Ordinary least squares (OLS) regression is one of the most powerful tools in a data scientist’s pocket. Personally, as someone who specializes in causal inference, I have built most of my career on OLS and closely related analyses—from t-tests up through structural time series models. But we’ve all had to work with simpler tools than we might like from time to time, and I have gotten a lot of mileage out of doing regression analyses directly in SQL.
I’m not the first person to implement regression using SQL. In fact, Mode’s own SQL tutorial includes an example of running an A/B test analysis in SQL, implemented using Student’s t-test—which is just a special case of a simple linear regression.
Often, that’s all you need, but sometimes it’s not.

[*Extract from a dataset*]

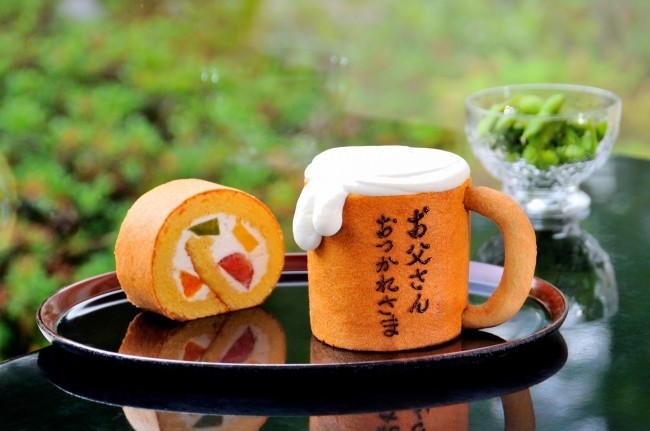 泡までリアル！　ビールジョッキみたいな「父の日ケーキ」発売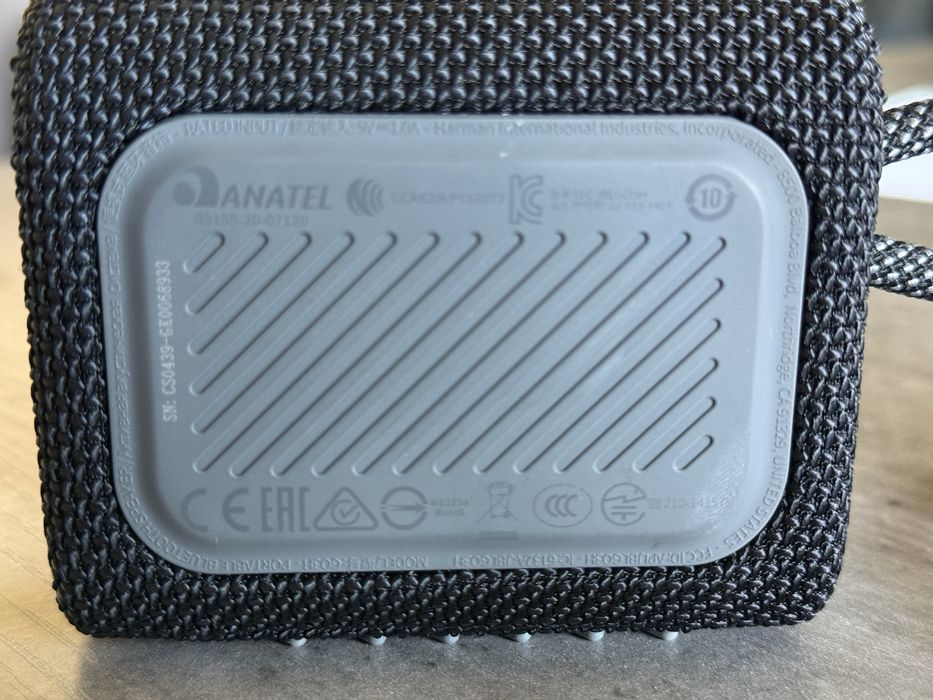 Coluna portátil JBL GO3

Sometimes you need to remove seasonality from a time series before you can pipe it into a data visualization but going round-trip through Python just isn’t in the cards. Sometimes you want to run a t-test while controlling for a continuous covariate. Sometimes you want to run a regression on ranks. And sometimes, you want to do any one of the other thousand problems that nobody has bothered to post a SQL recipe for.

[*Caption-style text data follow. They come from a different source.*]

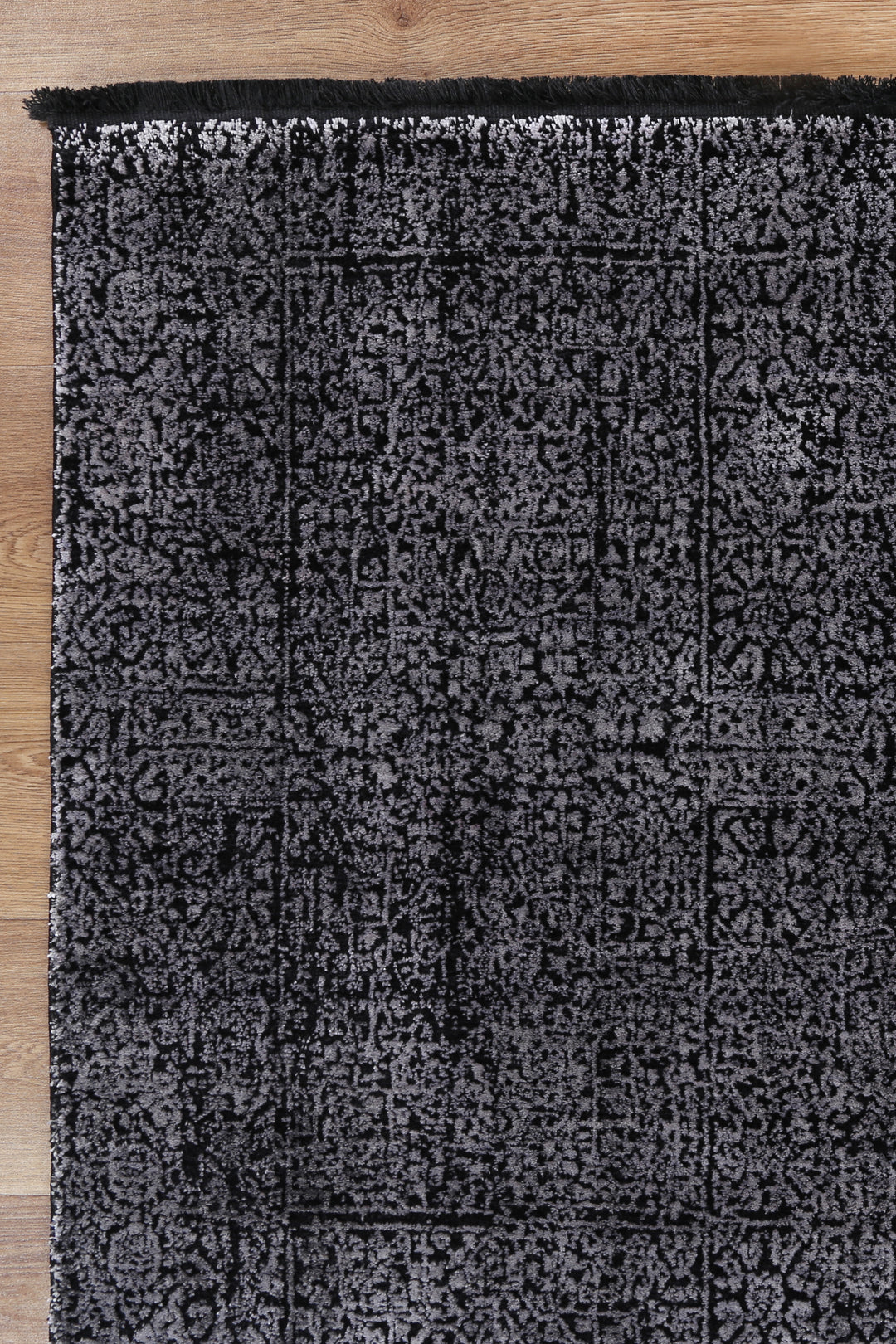 Brook Bedford Silver Rug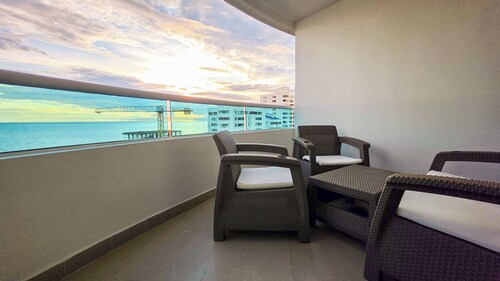 Gorgeous views, 2 rooms, AC, Pool, beach, hot showers!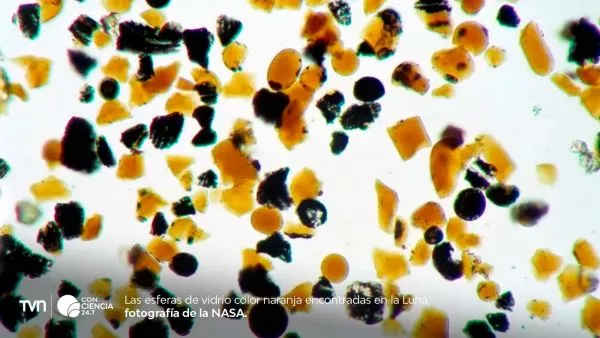 Vidrios naranjas encontrados en la superficie lunar.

My suggestion? Old introductory statistics textbooks.
It turns out that a lot of those old formulas for running statistical analyses by hand with paper and pencil (and maybe, if you’re lucky, a slide rule), are very easy to adapt to SQL code. Or, if not easy, at least possible.
It turns out that a lot of those old formulas for running statistical analyses...are very easy to adapt to SQL code.

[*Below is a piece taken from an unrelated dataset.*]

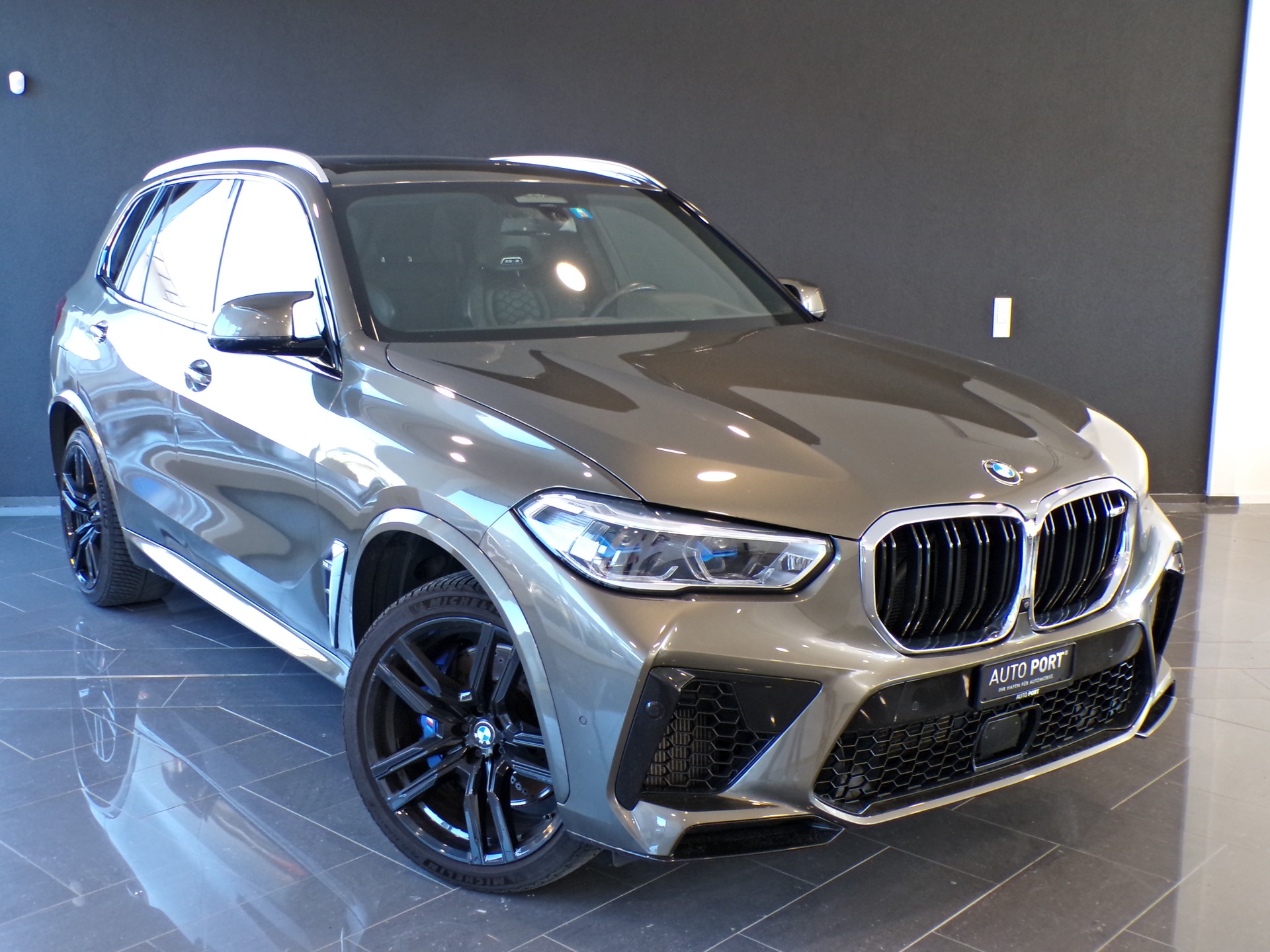 BMW X5M Steptronic-image-6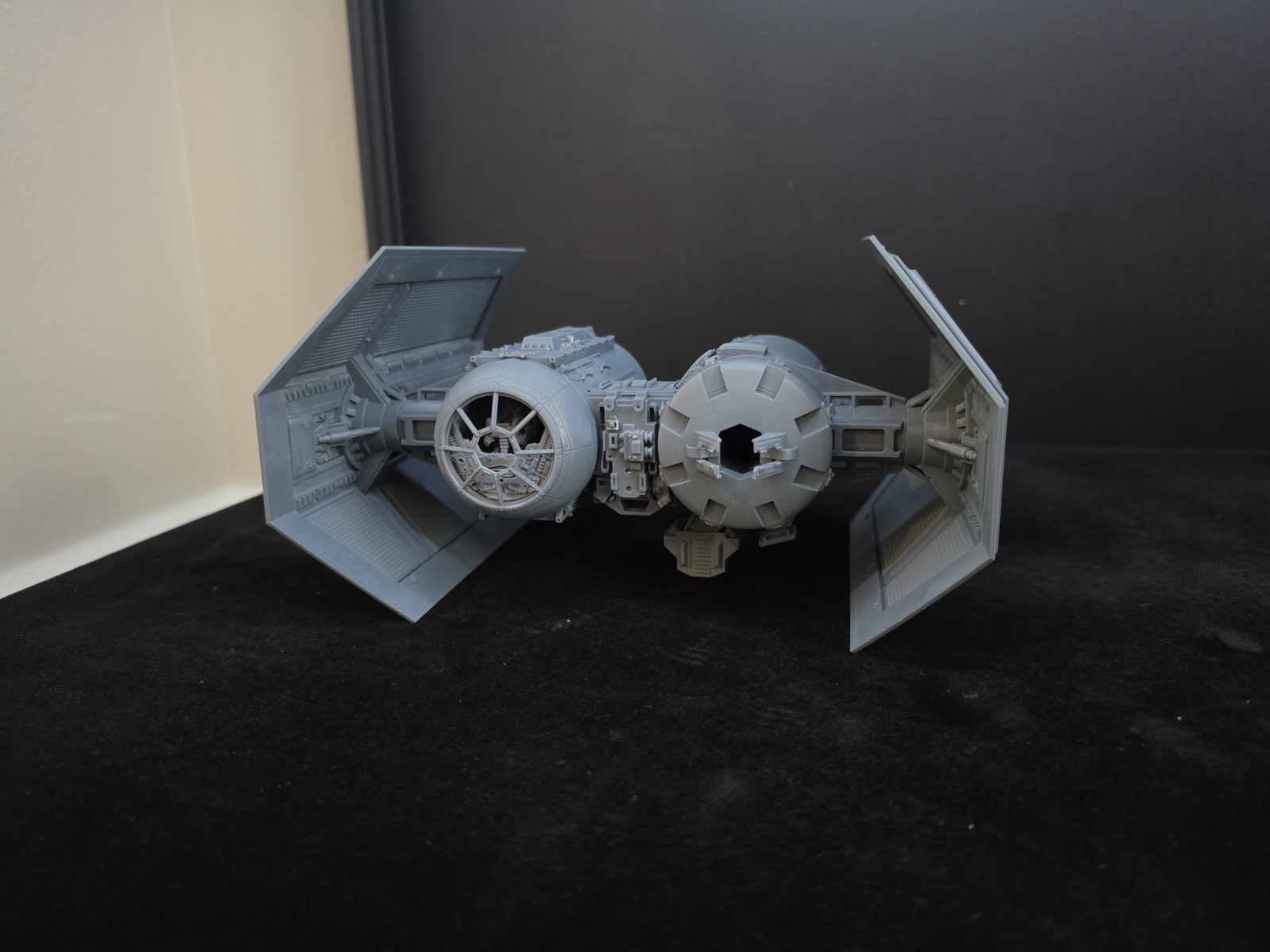 Star Wars 1-48 or 1-35 Scale TIE Bomber TIE/sa Resin Model Kits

Statistical formulas like linear regression are often explained in these older texts by using a table of numbers beginning with X (the predictor) and Y (the outcome), and then by adding more columns off to the right with derived quantities finally summing those columns at the bottom of the page. It ends up looking almost exactly like SQL.
We’re publishing a new whitepaper on how to do linear regression in SQL. Yes, I used an outdated statistics textbook when writing it.
You can download the whitepaper here, with all the gory details. I think it’s an extraordinarily useful little trick to have in your back pocket.
But an even more useful trick is to draw on the resources of the last hundred years of statistical research, including the basics.
Especially the basics.
If your measurements are clean and meaningful, if your A/B tests are well designed and powerful, you might rarely need anything more than the “basics.” Very often, good statistics are boring statistics and exciting business insights, not the other way around.